* **Work required**
Among the records below, which lines contain the string "leaves"? Report them.

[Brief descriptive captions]
------
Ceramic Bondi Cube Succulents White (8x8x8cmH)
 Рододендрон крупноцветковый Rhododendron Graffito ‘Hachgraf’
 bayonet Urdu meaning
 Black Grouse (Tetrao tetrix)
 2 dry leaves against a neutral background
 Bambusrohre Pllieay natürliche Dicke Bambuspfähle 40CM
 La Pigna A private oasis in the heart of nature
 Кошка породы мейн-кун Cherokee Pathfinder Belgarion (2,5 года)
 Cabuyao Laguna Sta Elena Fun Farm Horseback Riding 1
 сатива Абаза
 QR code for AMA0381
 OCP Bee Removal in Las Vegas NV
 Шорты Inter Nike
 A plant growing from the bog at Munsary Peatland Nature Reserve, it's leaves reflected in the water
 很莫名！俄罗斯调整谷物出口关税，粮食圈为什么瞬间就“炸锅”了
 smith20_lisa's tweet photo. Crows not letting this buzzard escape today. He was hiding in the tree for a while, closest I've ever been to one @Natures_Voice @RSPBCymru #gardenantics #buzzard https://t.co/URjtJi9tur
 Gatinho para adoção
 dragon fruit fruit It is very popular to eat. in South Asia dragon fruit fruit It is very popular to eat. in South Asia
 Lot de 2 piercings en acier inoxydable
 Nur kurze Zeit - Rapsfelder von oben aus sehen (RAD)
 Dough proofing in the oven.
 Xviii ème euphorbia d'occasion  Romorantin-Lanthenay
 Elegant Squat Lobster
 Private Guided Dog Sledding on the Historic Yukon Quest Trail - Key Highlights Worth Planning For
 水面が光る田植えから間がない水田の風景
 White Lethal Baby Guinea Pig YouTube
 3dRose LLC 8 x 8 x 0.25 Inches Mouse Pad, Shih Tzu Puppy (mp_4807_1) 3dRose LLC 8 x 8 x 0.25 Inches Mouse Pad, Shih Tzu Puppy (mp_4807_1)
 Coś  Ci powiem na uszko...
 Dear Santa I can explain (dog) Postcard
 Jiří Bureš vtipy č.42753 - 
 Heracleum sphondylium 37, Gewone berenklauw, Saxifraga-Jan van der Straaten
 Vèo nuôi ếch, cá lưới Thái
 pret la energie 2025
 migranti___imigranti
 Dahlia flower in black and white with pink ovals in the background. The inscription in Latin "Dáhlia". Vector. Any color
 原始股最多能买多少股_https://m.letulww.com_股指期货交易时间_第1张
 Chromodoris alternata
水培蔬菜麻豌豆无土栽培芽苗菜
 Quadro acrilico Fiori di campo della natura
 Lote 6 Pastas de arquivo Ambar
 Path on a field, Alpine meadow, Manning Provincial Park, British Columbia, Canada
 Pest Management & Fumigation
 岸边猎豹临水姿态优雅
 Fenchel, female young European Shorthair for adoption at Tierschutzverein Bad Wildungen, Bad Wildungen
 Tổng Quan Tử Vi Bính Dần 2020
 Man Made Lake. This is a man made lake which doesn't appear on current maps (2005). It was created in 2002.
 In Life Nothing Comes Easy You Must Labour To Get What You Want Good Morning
------
* **Written reply**
 2 dry leaves against a neutral background
 A plant growing from the bog at Munsary Peatland Nature Reserve, it's leaves reflected in the water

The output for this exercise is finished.